I’m going to ignore coaches who lose right out of the gate. Nobody’s on the hot seat in their first year or two at a school; nobody gets fired that quickly unless they were an interim hiring in the first place. I also don’t want to spend a lot of time looking at what happens in the MAC or the Sun Belt. So what I’m looking for are coaches…

  • since 1970, who
  • coached at a school that’s currently in a power-5 conference (or ND), and
  • had their first losing season at the school in year 3 or later.

    The second criterion might seem a little odd because it’s going to grandfather in some schools that weren’t really power-conference programs in 1970, but I didn’t want to have an argument with myself over what was or wasn’t a power conference 40 years ago. If you want to pull Frank Burns out of what follows, I won’t argue with you. It also won’t materially change any of the results.

    (And, to be clear, it’s that first losing season that needs to have happened since 1970. If the coach was already at the school before that date I’ll still include him.)

    The plan was to pull the end-of-season Massey rankings for those schools for a ten-year period, starting four years before the season in question and ending five years later, compare the average rankings before and after, and see if there’s more improvement in the group of schools that fired the coach or in the group of schools that retained him.

    63 coaches fit the criteria. Of those 63…

    …only 7 were fired. 56 were retained.

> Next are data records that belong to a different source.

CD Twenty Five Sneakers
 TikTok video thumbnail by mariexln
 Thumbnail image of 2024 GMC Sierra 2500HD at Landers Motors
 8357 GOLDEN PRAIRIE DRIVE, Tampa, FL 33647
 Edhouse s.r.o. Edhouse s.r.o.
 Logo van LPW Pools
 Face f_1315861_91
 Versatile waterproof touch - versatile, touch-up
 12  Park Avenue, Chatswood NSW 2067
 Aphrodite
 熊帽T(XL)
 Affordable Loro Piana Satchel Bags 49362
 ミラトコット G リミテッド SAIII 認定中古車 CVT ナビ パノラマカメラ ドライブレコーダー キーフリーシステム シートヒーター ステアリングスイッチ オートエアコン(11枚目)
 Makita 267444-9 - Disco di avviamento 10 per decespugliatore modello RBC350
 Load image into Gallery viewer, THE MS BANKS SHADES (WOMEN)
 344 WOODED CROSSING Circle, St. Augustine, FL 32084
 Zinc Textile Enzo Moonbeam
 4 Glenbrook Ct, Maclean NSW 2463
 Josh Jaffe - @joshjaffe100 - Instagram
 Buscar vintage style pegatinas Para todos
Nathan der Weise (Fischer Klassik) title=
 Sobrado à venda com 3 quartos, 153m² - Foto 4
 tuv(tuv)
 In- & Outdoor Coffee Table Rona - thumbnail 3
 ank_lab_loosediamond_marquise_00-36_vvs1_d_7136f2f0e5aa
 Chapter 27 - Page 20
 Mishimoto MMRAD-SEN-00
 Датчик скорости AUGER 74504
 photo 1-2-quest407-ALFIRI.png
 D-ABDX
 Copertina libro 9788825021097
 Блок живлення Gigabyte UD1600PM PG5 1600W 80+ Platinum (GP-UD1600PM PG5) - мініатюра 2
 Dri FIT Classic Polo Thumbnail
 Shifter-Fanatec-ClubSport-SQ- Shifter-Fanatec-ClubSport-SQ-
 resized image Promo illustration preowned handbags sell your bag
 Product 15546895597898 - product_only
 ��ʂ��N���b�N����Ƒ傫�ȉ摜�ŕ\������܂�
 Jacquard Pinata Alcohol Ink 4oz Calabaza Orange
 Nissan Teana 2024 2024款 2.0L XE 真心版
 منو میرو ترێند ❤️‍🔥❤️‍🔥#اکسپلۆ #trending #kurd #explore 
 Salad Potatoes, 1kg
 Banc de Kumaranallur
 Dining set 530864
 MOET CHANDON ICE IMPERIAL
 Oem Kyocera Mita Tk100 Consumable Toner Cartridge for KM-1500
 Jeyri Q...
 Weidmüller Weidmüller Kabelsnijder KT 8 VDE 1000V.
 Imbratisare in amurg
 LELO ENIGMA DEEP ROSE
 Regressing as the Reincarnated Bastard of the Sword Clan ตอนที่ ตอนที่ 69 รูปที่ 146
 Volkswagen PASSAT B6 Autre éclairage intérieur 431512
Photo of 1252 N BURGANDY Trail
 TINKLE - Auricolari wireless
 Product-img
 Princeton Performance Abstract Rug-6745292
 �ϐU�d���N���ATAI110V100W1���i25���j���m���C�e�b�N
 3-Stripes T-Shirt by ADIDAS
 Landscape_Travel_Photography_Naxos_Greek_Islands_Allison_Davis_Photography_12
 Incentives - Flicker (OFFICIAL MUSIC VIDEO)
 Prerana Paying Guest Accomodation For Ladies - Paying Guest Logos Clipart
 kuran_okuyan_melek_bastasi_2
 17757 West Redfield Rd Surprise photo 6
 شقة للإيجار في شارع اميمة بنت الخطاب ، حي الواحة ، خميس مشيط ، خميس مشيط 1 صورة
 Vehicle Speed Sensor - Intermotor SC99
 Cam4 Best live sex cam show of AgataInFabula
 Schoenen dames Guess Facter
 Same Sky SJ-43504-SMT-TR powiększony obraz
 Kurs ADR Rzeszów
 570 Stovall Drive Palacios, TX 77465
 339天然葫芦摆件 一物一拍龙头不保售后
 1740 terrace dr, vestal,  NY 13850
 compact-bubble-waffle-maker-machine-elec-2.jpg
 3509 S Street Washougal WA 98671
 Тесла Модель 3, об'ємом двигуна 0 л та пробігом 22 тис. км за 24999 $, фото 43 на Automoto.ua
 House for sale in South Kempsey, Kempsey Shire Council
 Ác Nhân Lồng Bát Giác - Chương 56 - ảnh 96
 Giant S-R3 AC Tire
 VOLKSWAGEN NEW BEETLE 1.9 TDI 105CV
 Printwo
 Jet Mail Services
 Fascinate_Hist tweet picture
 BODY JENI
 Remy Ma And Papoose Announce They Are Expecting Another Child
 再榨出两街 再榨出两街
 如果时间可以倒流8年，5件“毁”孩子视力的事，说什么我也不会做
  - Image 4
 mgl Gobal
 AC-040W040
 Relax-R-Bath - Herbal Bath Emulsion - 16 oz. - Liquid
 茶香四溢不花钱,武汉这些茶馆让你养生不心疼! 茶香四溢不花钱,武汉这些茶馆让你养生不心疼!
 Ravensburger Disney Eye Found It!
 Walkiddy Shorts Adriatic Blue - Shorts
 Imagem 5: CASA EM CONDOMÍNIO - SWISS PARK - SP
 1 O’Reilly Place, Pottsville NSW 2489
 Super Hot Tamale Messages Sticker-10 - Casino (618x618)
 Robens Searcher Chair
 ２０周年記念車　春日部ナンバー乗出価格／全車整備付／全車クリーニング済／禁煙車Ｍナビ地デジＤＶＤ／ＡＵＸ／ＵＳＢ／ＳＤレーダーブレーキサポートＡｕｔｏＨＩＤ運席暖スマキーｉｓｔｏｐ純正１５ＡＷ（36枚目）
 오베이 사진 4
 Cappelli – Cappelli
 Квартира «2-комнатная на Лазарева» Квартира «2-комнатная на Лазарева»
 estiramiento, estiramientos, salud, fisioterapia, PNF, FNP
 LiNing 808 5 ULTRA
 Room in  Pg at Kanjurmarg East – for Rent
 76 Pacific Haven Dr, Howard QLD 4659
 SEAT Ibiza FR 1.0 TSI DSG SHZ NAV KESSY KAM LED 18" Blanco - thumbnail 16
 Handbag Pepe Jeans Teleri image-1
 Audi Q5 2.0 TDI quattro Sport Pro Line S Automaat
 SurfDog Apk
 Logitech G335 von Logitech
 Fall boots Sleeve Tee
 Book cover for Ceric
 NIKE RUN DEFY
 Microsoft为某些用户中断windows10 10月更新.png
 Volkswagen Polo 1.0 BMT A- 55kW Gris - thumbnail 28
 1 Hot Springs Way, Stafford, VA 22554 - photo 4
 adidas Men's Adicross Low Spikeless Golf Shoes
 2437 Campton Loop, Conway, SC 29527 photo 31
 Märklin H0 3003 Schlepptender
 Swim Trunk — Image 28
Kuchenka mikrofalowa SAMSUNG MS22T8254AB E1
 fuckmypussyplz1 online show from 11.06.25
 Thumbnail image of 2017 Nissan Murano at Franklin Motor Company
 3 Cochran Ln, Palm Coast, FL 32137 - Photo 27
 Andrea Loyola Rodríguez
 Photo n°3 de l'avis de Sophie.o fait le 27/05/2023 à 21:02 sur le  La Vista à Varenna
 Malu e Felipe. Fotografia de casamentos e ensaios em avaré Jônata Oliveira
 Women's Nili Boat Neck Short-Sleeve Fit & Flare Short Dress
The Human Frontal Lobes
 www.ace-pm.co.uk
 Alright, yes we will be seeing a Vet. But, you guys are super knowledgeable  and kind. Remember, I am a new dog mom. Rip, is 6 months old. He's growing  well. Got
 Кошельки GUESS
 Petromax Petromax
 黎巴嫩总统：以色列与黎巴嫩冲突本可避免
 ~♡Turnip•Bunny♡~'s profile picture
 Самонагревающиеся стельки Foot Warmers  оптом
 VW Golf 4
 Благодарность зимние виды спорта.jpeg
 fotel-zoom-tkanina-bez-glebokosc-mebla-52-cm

    Wasn’t expecting that.

    Of course, there’s a big difference between a Mack Brown or a Frank Kush who’s a decade or two into a career and someone who stumbles in year 4. Maybe the inclusion of those more successful long-time coaches is skewing the results? So I split the list up into groups, based on how long they’d been at the school before the first losing season. Surely schools are more likely to fire someone if they’re already failing early than they are if they’ve established success at the school?

     firedretained% fired
    Year 3-53407%
    Year 6-93730%
    Year 10+1910%

    Apparently not. If you want job security it’s best to get your losing out of the way early. Wait until year 6 or later and they’ve got the knives ready for you.

    Of the 52 (not a typo—we’ll get to the other 4 in a moment) coaches that returned, 17 followed that losing season with another. Of those 17, 11 were retained again. Only 6 were fired.

    That’s amazing. These are, by definition, schools that are used to winning. Fanbases tend not to be patient in the face of a losing season after a succession of winners; athletic directors apparently are. Only 11% of these coaches were fired after the first losing season; only 37% were fired after two successive losing seasons.

    Unfortunately, the small number of firings is going to make it difficult to get any results out of the study because there aren’t enough examples to get us to anything statistically significant.

    On the flip side, the list is so small that we can actually look at the cases in detail.

    Let’s get the oddities out of the way first—these 4 coaches aren’t going to be included in the results because they never gave the school a chance to make a decision: they moved on to better jobs.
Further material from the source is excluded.